Segment Start: Provided entries

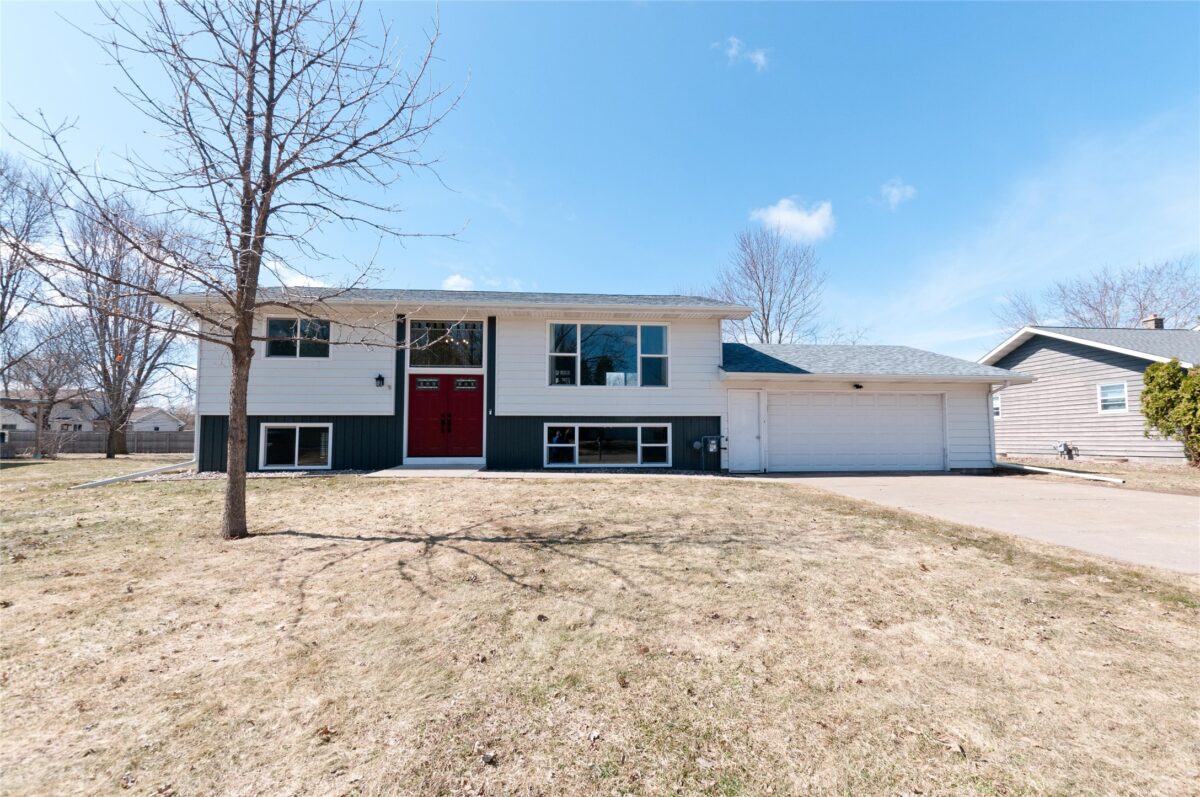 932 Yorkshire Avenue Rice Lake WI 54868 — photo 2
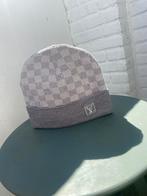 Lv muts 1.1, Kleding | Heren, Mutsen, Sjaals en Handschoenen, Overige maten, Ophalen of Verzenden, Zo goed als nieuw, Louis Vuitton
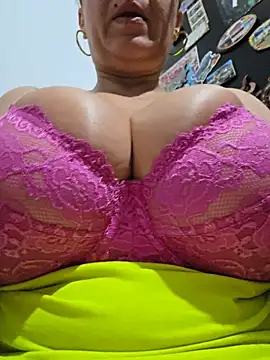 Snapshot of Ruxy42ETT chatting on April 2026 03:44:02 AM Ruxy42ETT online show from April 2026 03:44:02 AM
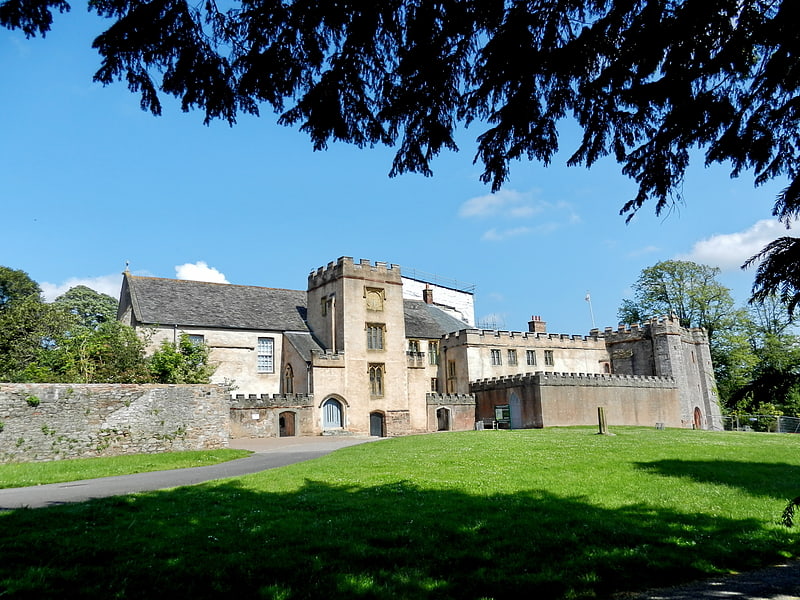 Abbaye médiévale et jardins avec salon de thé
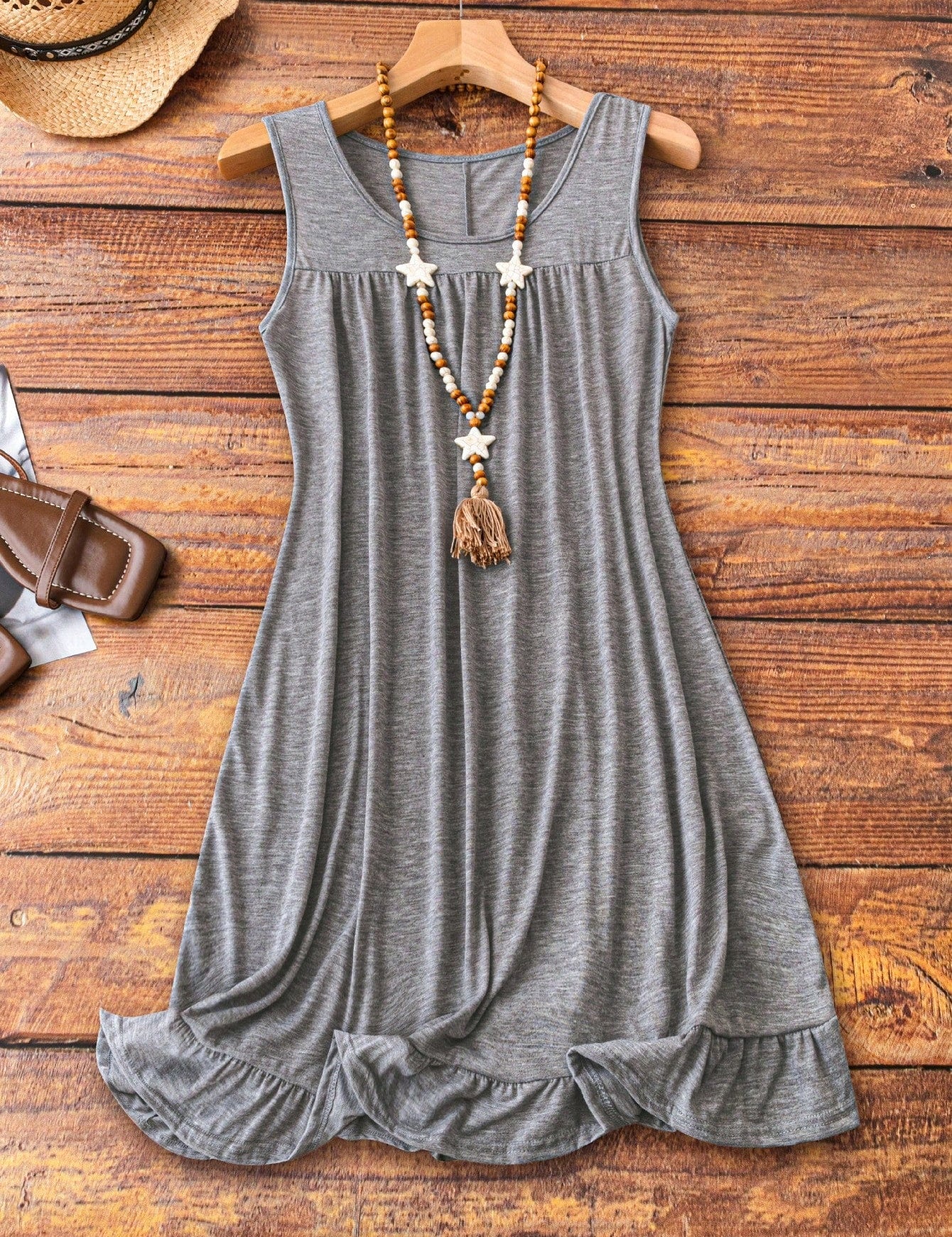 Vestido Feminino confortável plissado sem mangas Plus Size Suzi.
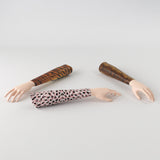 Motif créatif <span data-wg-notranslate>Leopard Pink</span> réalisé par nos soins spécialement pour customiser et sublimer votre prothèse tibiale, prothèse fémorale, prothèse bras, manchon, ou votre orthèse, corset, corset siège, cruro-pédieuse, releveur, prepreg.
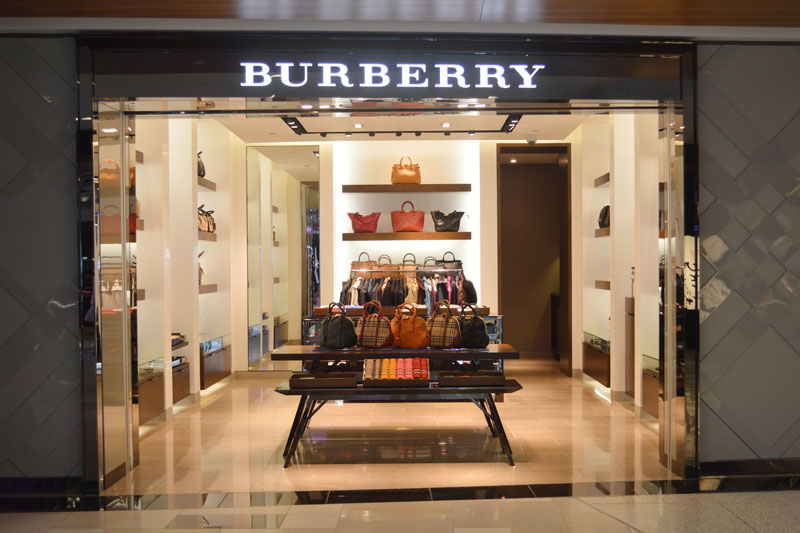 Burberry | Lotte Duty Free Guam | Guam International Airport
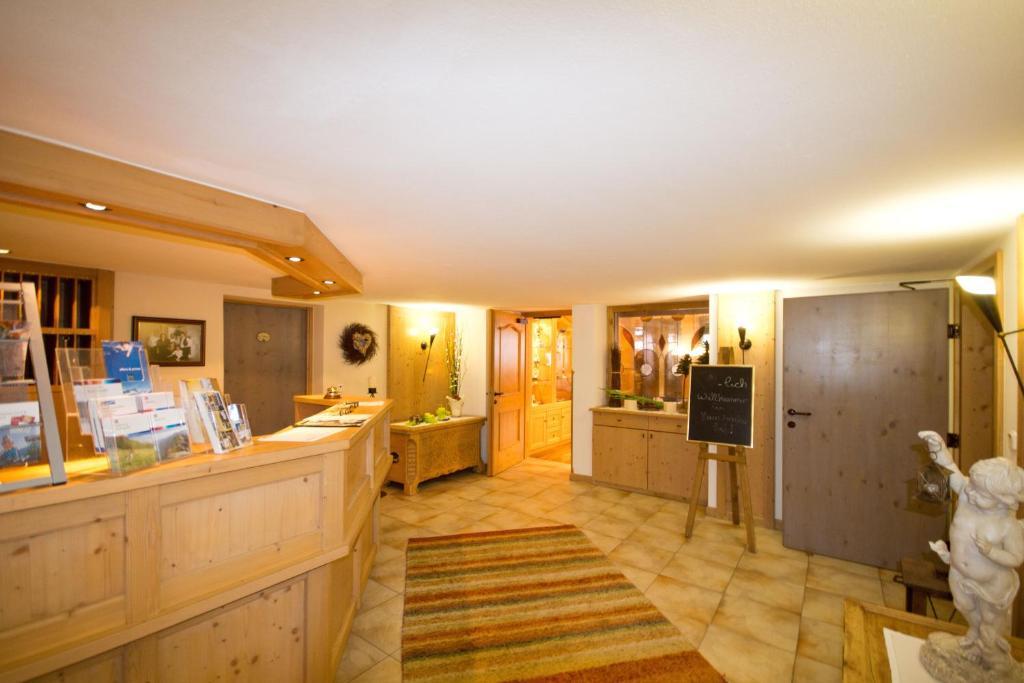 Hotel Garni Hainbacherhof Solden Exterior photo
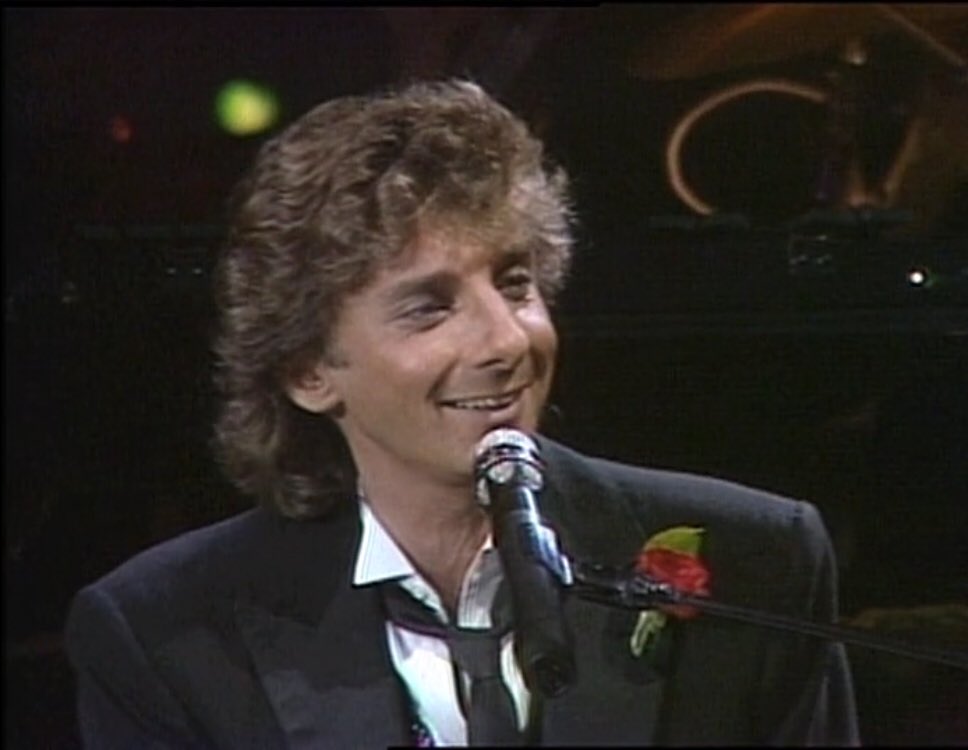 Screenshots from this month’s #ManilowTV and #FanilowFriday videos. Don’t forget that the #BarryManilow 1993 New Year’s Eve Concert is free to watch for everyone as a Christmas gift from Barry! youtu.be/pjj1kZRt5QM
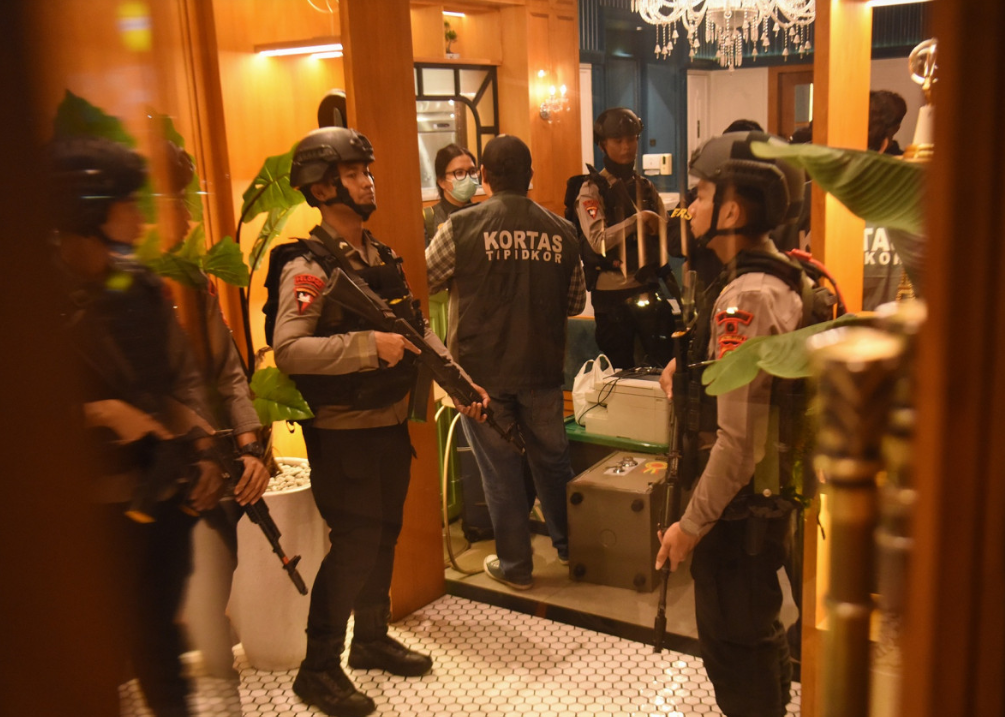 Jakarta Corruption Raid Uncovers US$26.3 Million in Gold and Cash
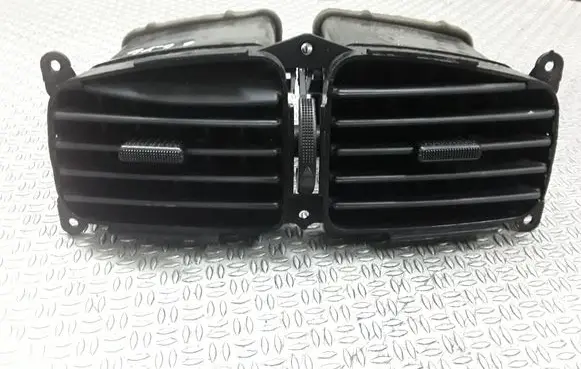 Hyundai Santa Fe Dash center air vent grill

Segment End: Provided entries

## [Problem details]
From the line with "Vestido Feminino confortável" through the final line of the records above, return each line exactly and nothing else. Pictures are to be skipped.

## [Solution to the problem]
 Vestido Feminino confortável plissado sem mangas Plus Size Suzi.
 Motif créatif <span data-wg-notranslate>Leopard Pink</span> réalisé par nos soins spécialement pour customiser et sublimer votre prothèse tibiale, prothèse fémorale, prothèse bras, manchon, ou votre orthèse, corset, corset siège, cruro-pédieuse, releveur, prepreg.
 Burberry | Lotte Duty Free Guam | Guam International Airport
 Hotel Garni Hainbacherhof Solden Exterior photo
 Screenshots from this month’s #ManilowTV and #FanilowFriday videos. Don’t forget that the #BarryManilow 1993 New Year’s Eve Concert is free to watch for everyone as a Christmas gift from Barry! youtu.be/pjj1kZRt5QM
 Jakarta Corruption Raid Uncovers US$26.3 Million in Gold and Cash
 Hyundai Santa Fe Dash center air vent grill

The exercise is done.